Since mid-2016, M2 growth in China has fallen sharply and has recently recorded consecutive record lows. This has occurred amid a massive credit expansion, raising questions about the representativeness and relevancy of M2 as a gauge of monetary policy, and as a leading indicator of growth and inflation. Rapid changes to the structure of China's financial system, followed by regulatory tightening, have likely distorted M2 as a measure. But as the system adjusts, M2 will again serve as a relevant indicator. The rapid growth in shadow financing and subsequent policies to reduce financial sector leverage caused the notable deviation between M2 growth and the underlying credit expansion (see Chart 10). This was driven by the diversification of savings away from traditional bank deposits as more people chose to save with non-bank financial institutions and wealth management products, leading to divergence between M1 and M2 (see Chart 11). Although the value of M2 growth as a liquidity measure has been undermined by thriving shadow bank financing in recent years, policy tightening and increased shadow banking regulations will likely make M2 relevant again.

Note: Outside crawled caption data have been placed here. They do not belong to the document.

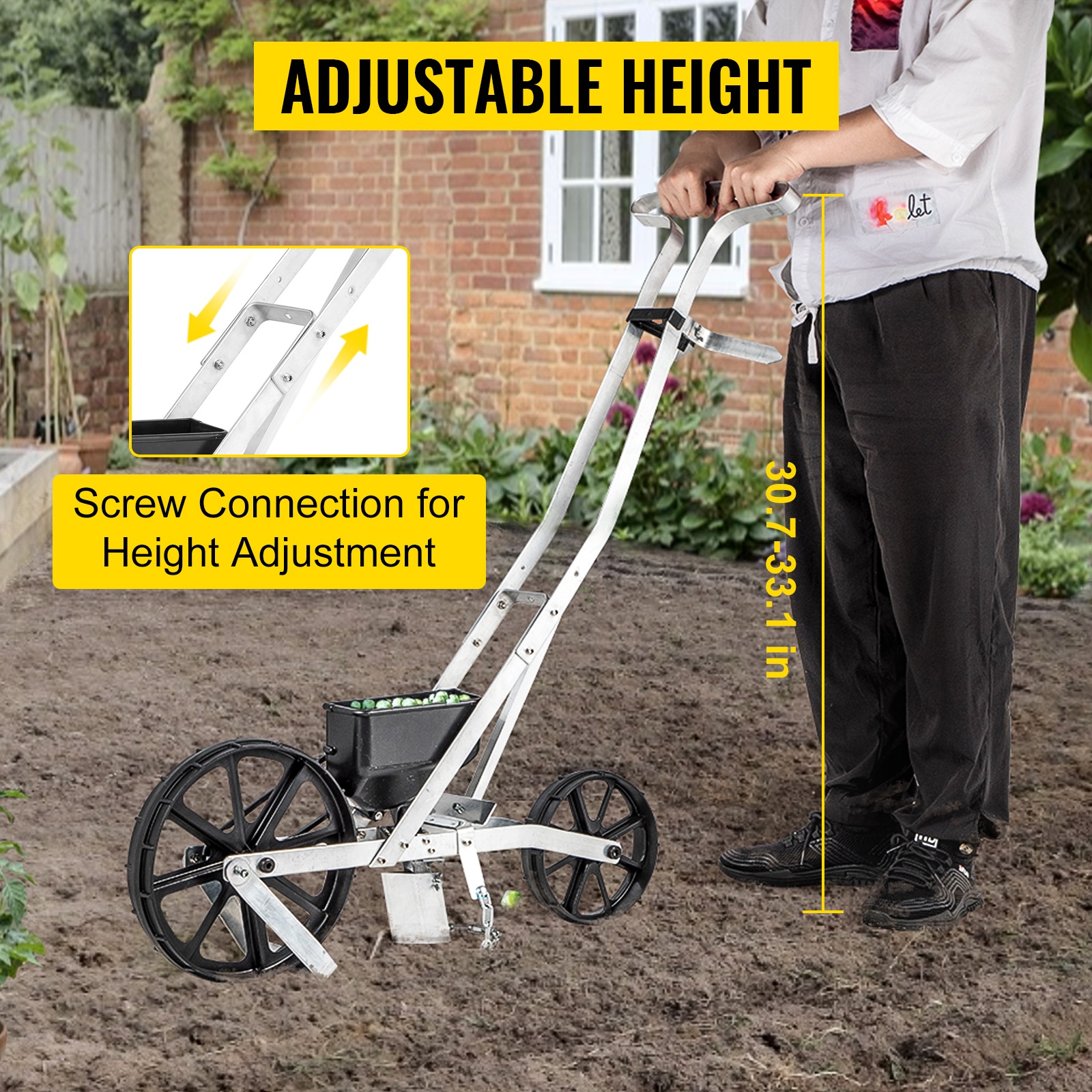 Säädettävä työntövarsi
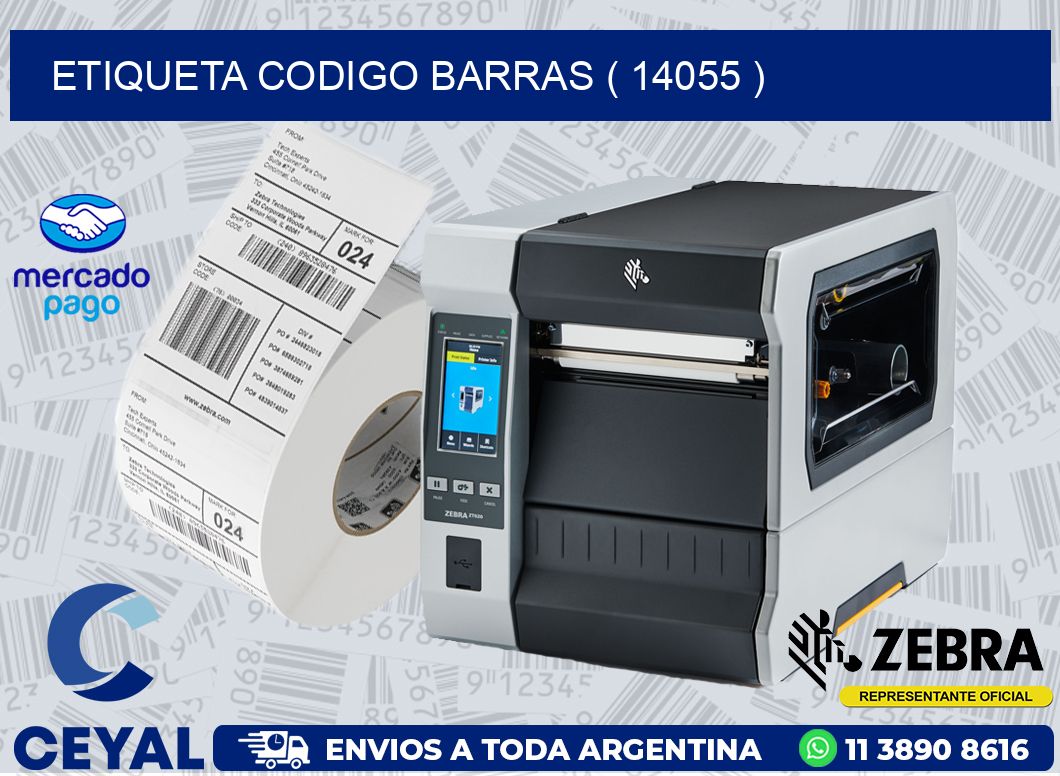 ETIQUETA CODIGO BARRAS ( 14055 )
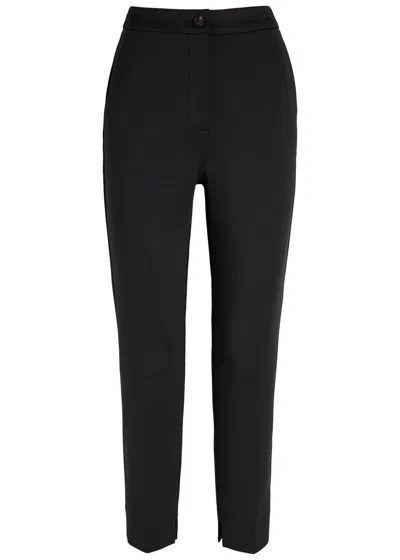 Mm Gerona Tapered-leg Jersey Trousers In Black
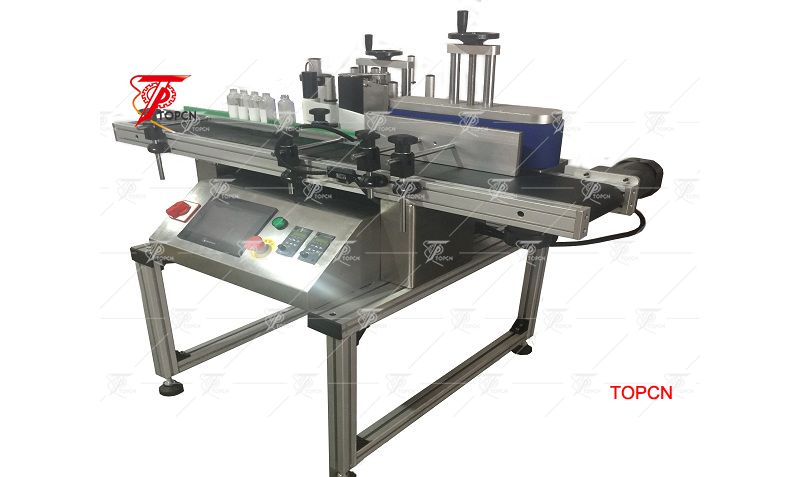 Hot selling small desktop sticker drink bottle labeling machine for tin cans bottles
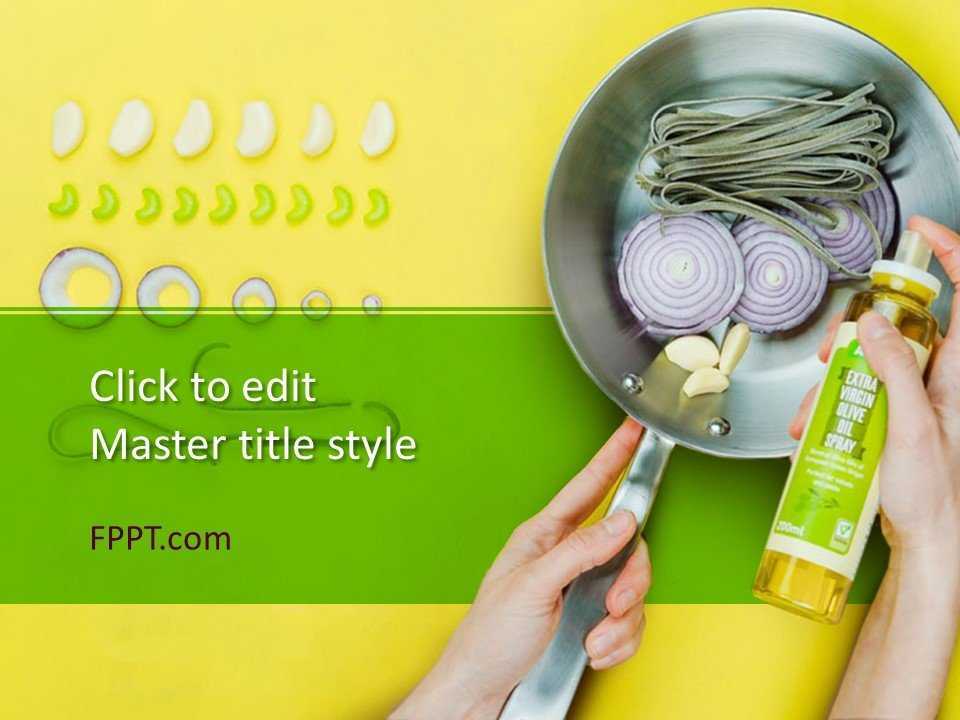 Virtual Cooking Classes PowerPoint Template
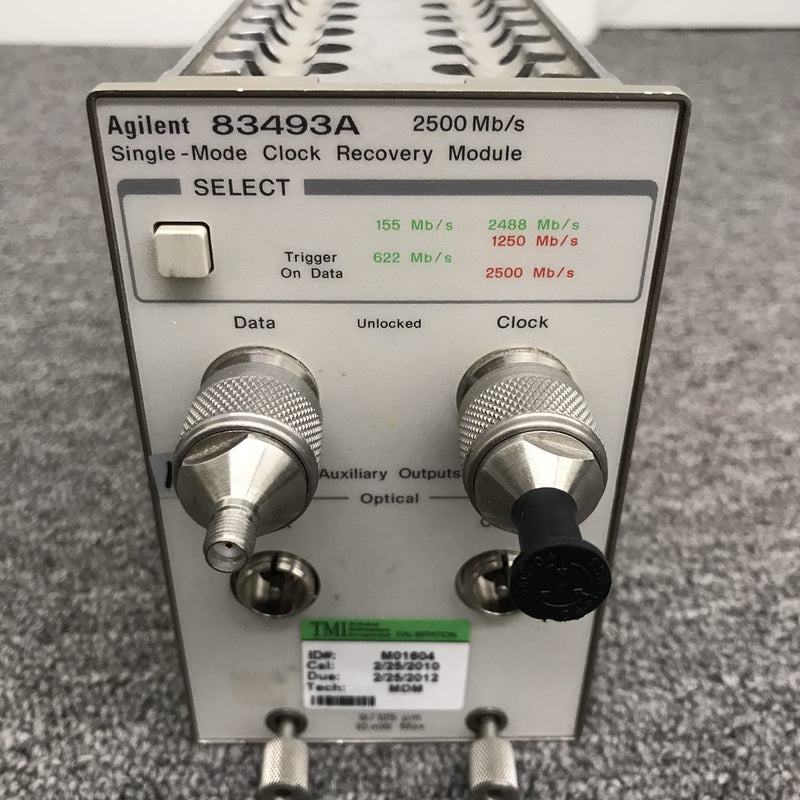 Agilent 83493 A Single-Mode Clock Recovery Module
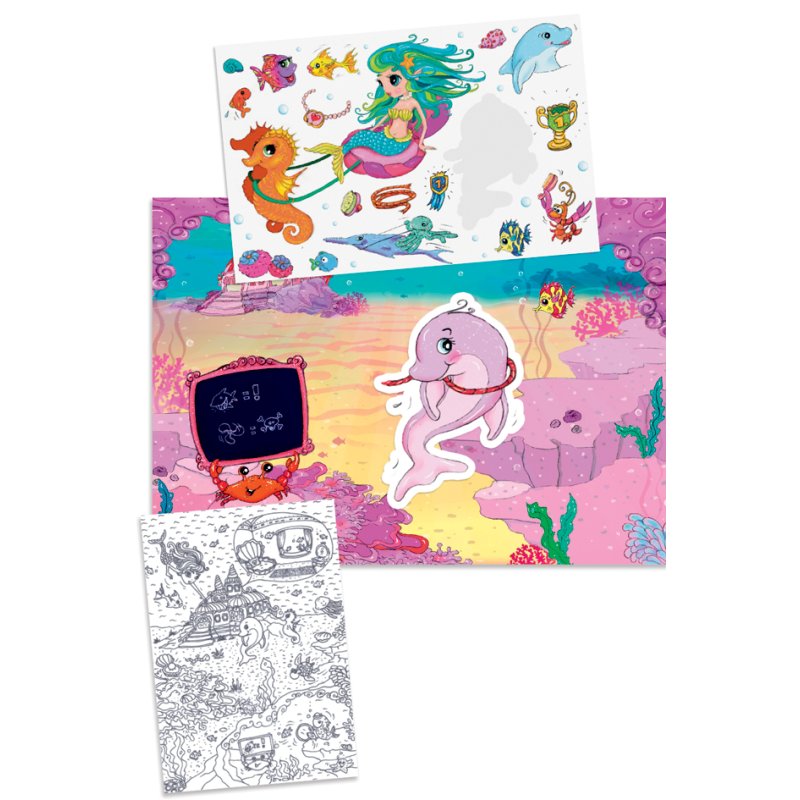 AVERY Zweckform stickerplakboek Zeemeermin, A5, 5 speelwerelden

It helps to understand how money creation has changed in China over the past 10 years. Until the end of 2014, the People's Bank of China's (PBoC) balance sheet was largely a factor of China's twin surpluses and their growing pile of FX reserves. To offset the surge in the monetary base, the required reserve ratio (RRR) was hiked as high as 21.5% to rein in loan growth at commercial banks. It was not until outflows picked up in 2014/2015, that domestic money creation became a factor in monetary policy. As a result, the monetary policy framework and policy tools have changed substantially in the last couple of years, as the PBoC became a 'provider' of liquidity. With monetary policy shifting towards an easing bias, mainly driven by RRR cuts, M2 will likely rebound over the next 2-3 quarters. However, in the medium to long run, the structural downtrend in M2 growth will likely continue. As China's economy slowly shifts from an investment-driven growth model to one more reliant on consumption, its demand for credit should also slow. Monetary policy, in the long run, will reflect these conditions. Additionally, a further expansion of the PBoC's balance sheet will be increasingly difficult, as the PBoC has already become the largest central bank in the world. As a result, M2 growth and money creation will become more reliant on commercial banks extending credit. This suggests the PBoC will likely have to continue cutting the RRR in coming years.